*Task description*
The response must be the exact lines from the line holding "Blue Print Rear" through the end of the entries, with no pictures and nothing else.

*Raw data*
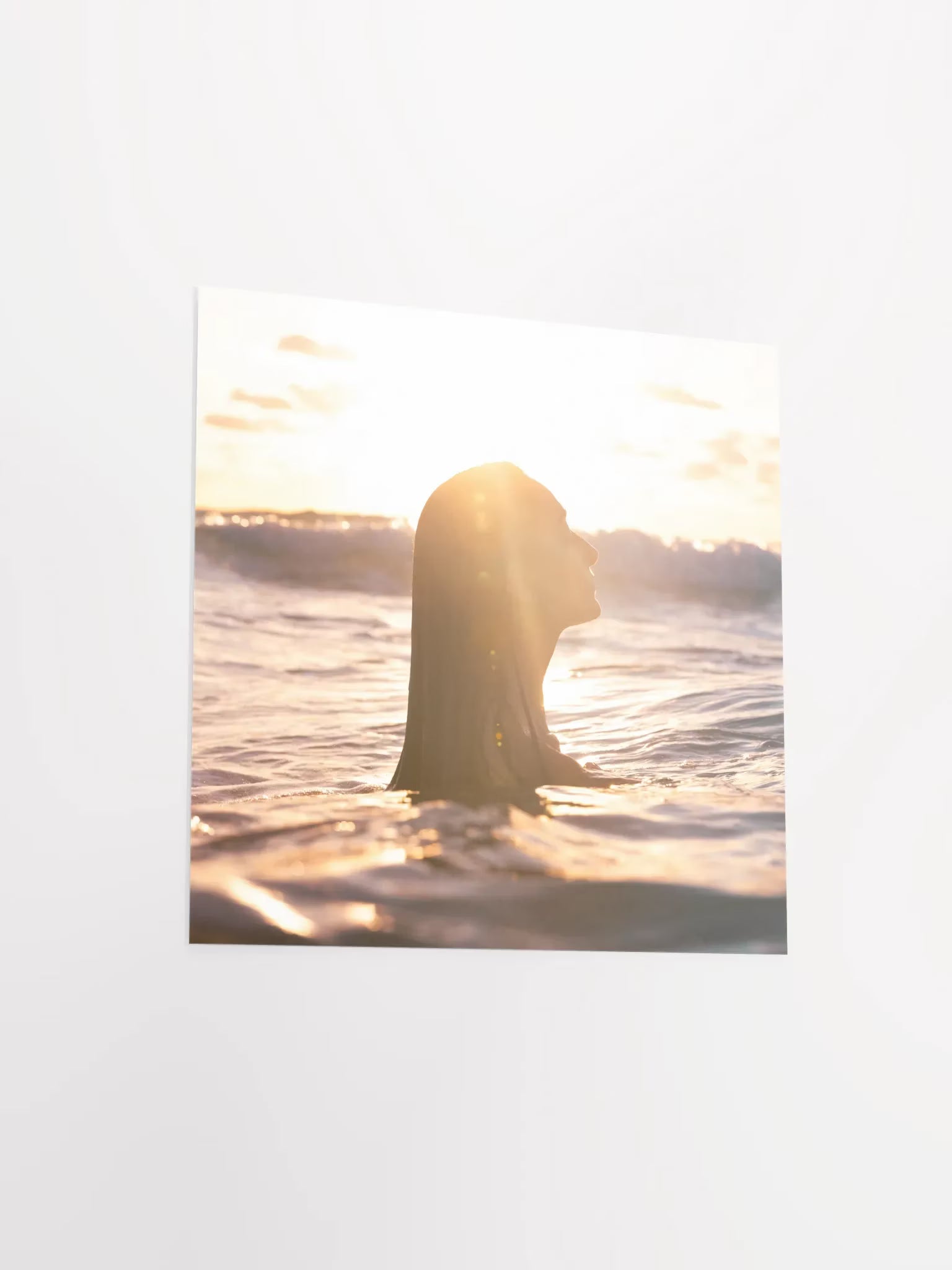 Breath of life Poster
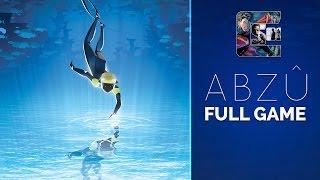 ABZU - Gameplay Walkthrough - Full Game  CenterStrain01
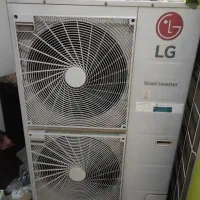 کولر گازی (کندانسور) ال جی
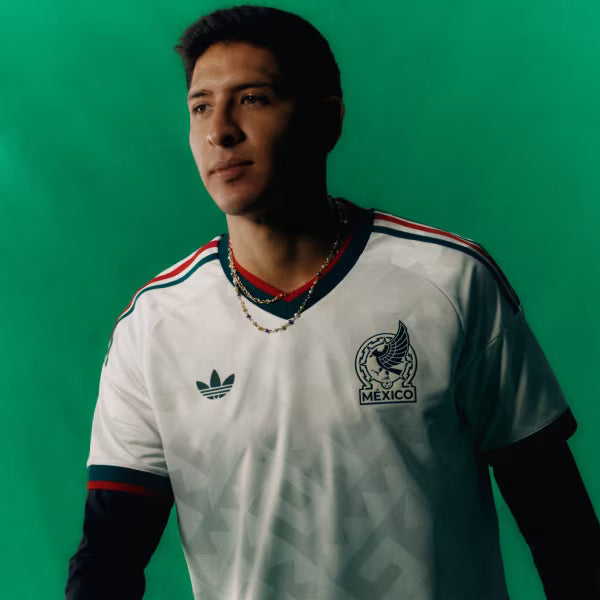 Mexico Jersey - World Cup 2026
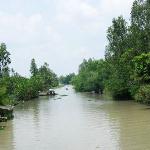 MEKONG DELTA of VIETNAM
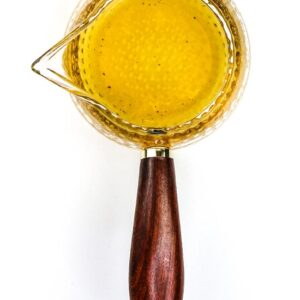 фото - Чахай Скляний для чайної церемонії гунфу, 270 мл (Копировать)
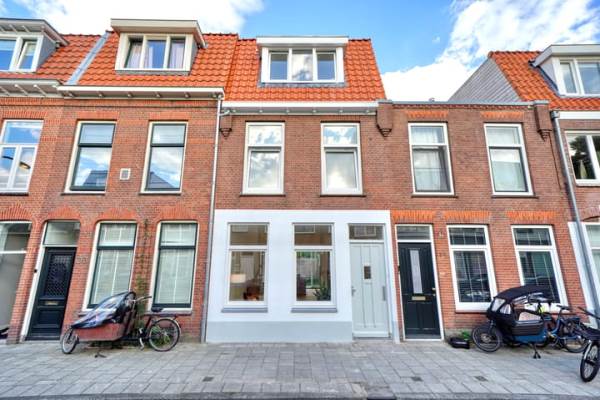 Woning Javastraat 36 Haarlem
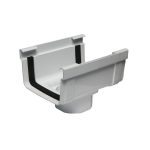 Marley Pipe Systems Outlet Gutter Streamline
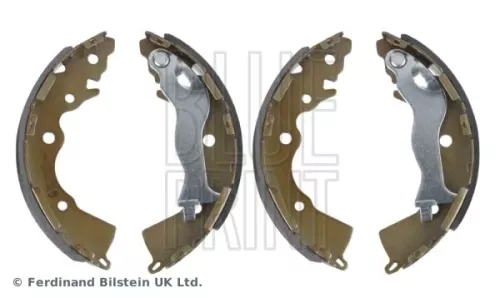 Blue Print Rear Brake Shoe Kit For Hyundai Kia Accent Hb20 Hb20s Rio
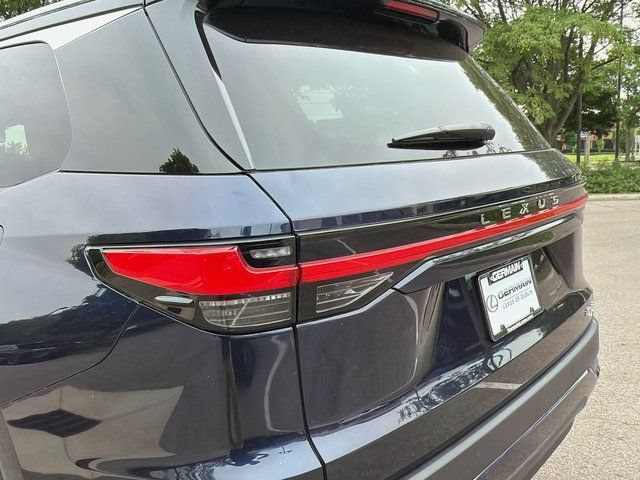 New 2026 Lexus TX 350 AWD image 11
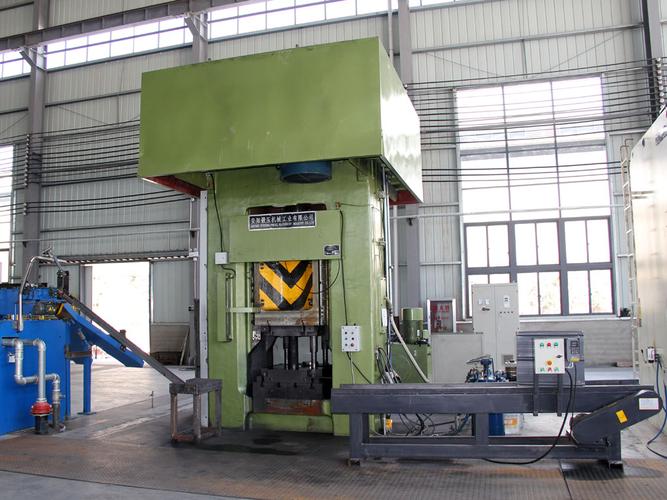 1000t电螺旋压力机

*Response below*
 Blue Print Rear Brake Shoe Kit For Hyundai Kia Accent Hb20 Hb20s Rio
 New 2026 Lexus TX 350 AWD image 11
 1000t电螺旋压力机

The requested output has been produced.